Exercise: In the entries that follow, the first line to write out is the one containing "Cuillère en nacre", and the last is the one containing "Baseball 4x6 Event Photo Folders (25)". Reproduce that stretch exactly, with nothing before or after it.

===== Exercise inputs

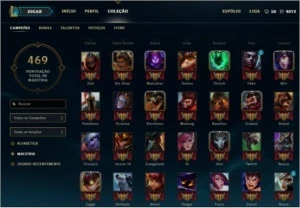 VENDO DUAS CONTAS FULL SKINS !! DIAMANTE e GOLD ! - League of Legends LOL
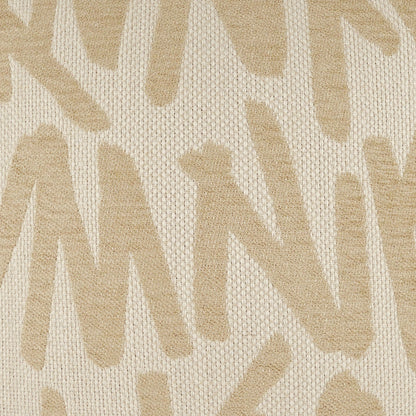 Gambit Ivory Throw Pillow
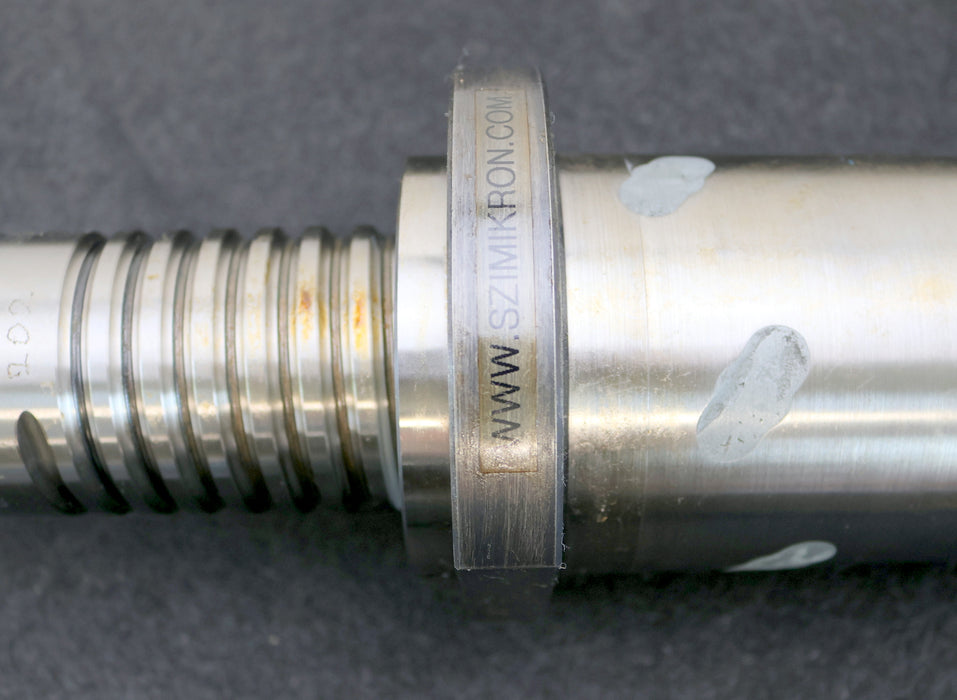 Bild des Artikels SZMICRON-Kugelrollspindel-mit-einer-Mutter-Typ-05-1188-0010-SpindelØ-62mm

==========
===== Exercise inputs

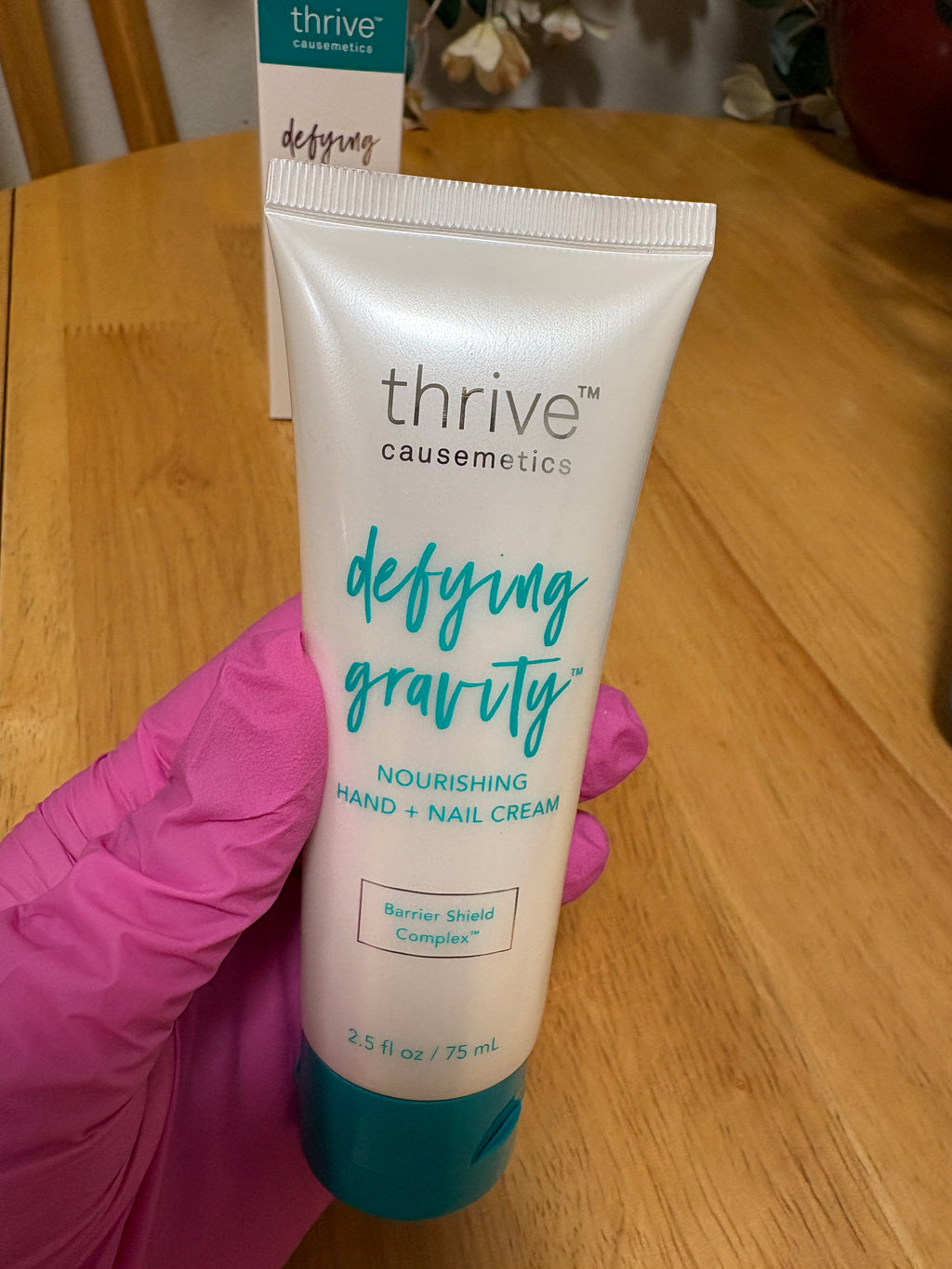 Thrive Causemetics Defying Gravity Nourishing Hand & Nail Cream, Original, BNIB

==========
===== Exercise inputs

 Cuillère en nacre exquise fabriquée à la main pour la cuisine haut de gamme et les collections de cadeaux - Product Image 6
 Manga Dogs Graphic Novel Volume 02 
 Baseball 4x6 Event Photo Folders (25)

==========

Result below:
 Cuillère en nacre exquise fabriquée à la main pour la cuisine haut de gamme et les collections de cadeaux - Product Image 6
 Manga Dogs Graphic Novel Volume 02 
 Baseball 4x6 Event Photo Folders (25)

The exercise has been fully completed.